>>>>>

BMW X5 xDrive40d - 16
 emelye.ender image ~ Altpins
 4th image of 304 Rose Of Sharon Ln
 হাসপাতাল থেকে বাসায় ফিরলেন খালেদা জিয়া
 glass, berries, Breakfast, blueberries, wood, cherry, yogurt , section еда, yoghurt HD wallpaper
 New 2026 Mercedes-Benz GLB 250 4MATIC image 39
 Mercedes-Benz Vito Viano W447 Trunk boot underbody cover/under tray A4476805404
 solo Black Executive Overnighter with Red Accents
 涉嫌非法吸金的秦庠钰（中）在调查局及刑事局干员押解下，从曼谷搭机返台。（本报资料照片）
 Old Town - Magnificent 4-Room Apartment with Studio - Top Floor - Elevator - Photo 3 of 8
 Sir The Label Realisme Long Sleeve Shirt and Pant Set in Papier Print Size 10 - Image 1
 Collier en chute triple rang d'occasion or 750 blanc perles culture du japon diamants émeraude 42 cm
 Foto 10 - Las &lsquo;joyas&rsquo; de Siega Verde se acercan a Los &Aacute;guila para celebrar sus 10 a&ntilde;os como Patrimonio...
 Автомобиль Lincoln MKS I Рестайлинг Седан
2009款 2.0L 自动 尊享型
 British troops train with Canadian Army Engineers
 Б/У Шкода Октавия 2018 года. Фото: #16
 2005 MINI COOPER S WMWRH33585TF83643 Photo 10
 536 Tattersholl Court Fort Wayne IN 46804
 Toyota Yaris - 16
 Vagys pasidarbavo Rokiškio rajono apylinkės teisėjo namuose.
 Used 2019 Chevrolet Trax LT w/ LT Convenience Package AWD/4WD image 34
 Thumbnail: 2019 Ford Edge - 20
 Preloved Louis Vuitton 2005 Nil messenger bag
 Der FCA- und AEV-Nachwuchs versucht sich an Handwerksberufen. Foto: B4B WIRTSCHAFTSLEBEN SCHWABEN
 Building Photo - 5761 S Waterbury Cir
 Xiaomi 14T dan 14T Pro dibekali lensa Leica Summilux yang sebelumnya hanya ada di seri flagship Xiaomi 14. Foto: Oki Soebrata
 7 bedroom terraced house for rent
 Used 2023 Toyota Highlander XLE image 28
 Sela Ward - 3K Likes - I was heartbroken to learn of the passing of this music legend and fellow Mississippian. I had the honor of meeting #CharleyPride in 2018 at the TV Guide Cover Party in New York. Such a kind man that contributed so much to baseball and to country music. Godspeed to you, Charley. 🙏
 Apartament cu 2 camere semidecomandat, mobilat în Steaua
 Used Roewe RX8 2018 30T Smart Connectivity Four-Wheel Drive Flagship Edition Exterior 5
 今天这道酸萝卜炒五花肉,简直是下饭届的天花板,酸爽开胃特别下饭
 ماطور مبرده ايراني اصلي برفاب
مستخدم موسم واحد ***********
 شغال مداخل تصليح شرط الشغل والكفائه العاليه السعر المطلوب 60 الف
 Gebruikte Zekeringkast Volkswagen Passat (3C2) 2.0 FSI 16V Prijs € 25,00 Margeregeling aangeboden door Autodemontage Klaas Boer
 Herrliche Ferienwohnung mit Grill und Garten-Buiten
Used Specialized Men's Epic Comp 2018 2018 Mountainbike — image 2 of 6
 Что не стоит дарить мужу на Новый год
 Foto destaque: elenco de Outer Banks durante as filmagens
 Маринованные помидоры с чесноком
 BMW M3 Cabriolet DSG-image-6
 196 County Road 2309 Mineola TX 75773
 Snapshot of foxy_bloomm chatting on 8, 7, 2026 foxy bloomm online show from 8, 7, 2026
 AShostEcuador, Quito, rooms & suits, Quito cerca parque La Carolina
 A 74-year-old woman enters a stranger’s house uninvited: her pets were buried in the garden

<<<<<

> THE TASK: Going through the entries, return every line holding the word "Used".

> ANSWER TO THIS PROBLEM:
 Used 2019 Chevrolet Trax LT w/ LT Convenience Package AWD/4WD image 34
 Used 2023 Toyota Highlander XLE image 28
 Used Roewe RX8 2018 30T Smart Connectivity Four-Wheel Drive Flagship Edition Exterior 5
Used Specialized Men's Epic Comp 2018 2018 Mountainbike — image 2 of 6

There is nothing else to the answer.